Queer Places:
Fielden House, 13 Little College St, Westminster, London SW1P 3SH, UK

Alfred Waterhouse Somerset Taylor (born March 8, 1862) was involved in the Oscar Wilde's trial in 1895. In 1895 when Wilde was arrested, Taylor was arrested with him, and charged with procuring. The police found a considerable collection of female clothing in his room. Taylor refused to turn Queen’s Evidence against Wilde, the two men were tried together, and both sentenced to two years with hard labour.

Alfred Taylor pointed out the Piccadilly boys to Charles Parker when he recruited him for his house in Little College Street, remarking that he did not "understand sensible men wasting their money on painted trash like that. Many do though." But when Taylor and Parker were arrested with sixteen other men in a raid on a house in Fitzroy Street in the year before Oscar Wilde's trials, two of the men were dressed as women. Taylor also had in his rooms women's clothes which he claimed were for masquerades. Parker even said that Taylor has told him that he had gone through a form of marriage with a youth named Charles Mason. Mason had dressed as a woman and the ceremony was followed by a wedding breakfast. Taylor denied the marriage; but Wilde himself wrote to Mason that "I hope marriage had not made you too serious? It has never had that effect on me;" and Mason asked Taylor to "come home soon, dear, and let us go out sometimes together."

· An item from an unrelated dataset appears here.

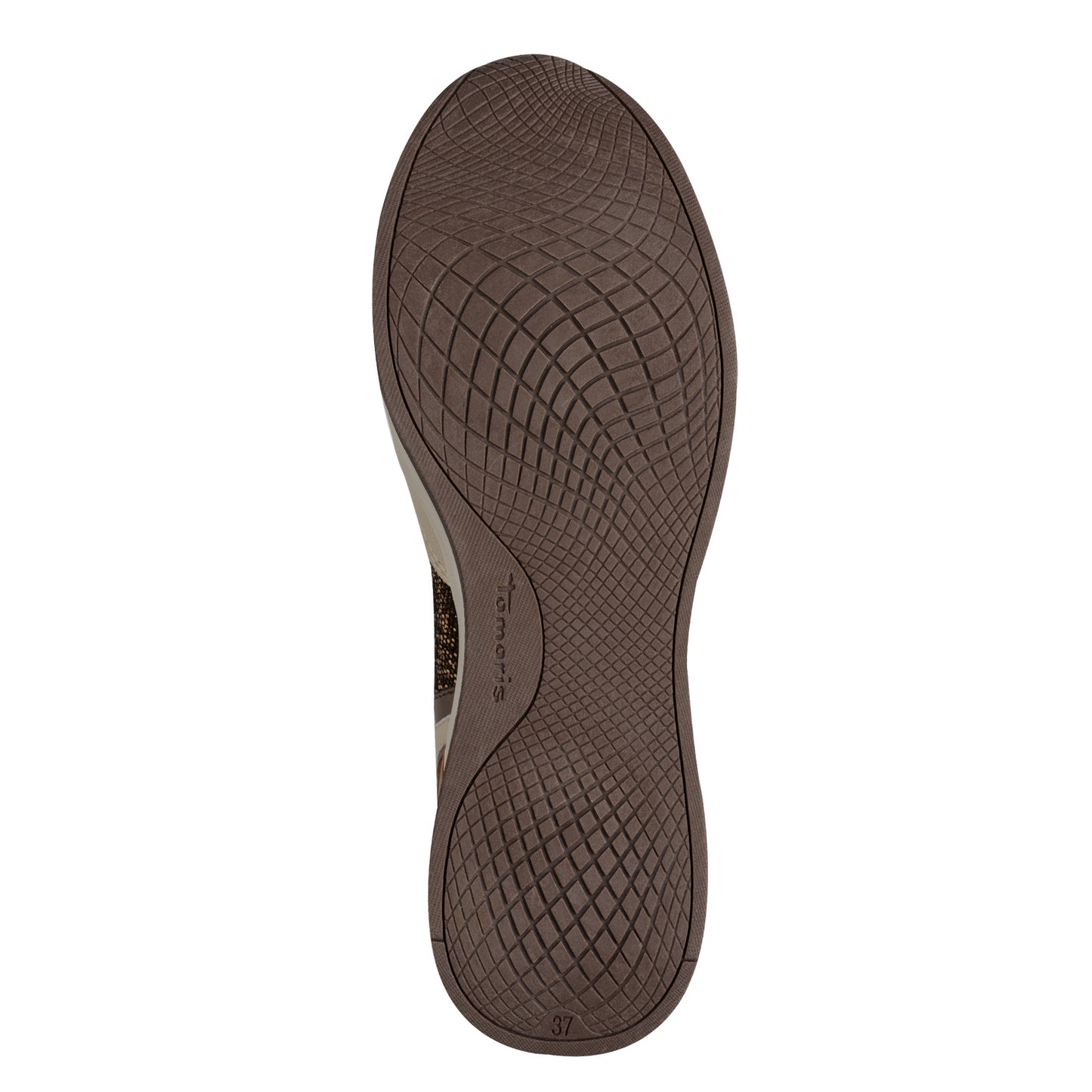 tamaris-troyes-baskets-cognac-23703-41-392-6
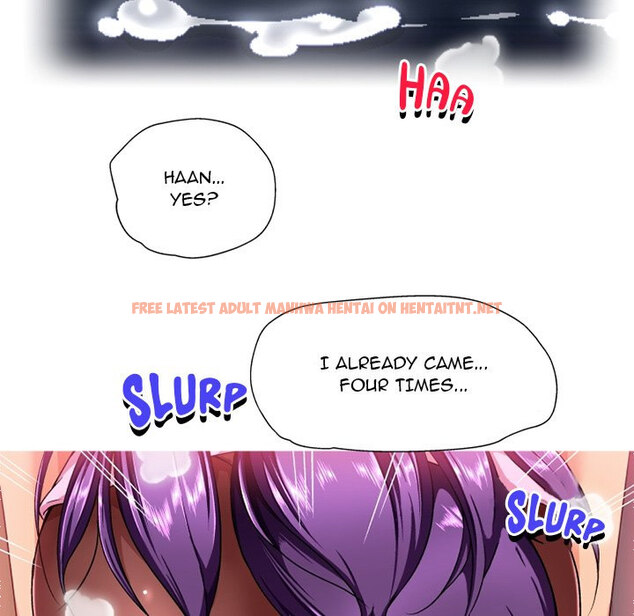 Read Hentai Image 6 23341 in comic A Tale Of Tails - Chapter 12 - hentaitnt.net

Alfred Watherhouse Somerset Taylor was 30 years old when he met Wilde in the autumn of 1892. The son of a cocoa manufacturer, he was expelled from Marborough having been caught in the lavatory with a much younger boy engaging in lewd acts. He served in the 4th Battalion of the Royal Fusiliers, City of London Regiment. In 1883, when of age, he came into a handsome fortune of £45.000, but with weekly expenses ranging from £40 to £50 a week on rent boys, bankruptcy within a year was inevitable. Taylor was married, and his husband, Charles Spurrier Mason with whom he staged a mock wedding in 1893, was a 25 years old prostitute.

1894 Taylor and Arthur Marling, a female impersonator, were arrested for wearing female clothing at a party given by John Preston on Fitzroy Street.

On release Taylor emigrated to the United States where nothing is known of him except that in the 1920s he was working as a waiter in Chicago, for by chance he served Alfred Douglas, Wilde's old lover, who was visiting the city.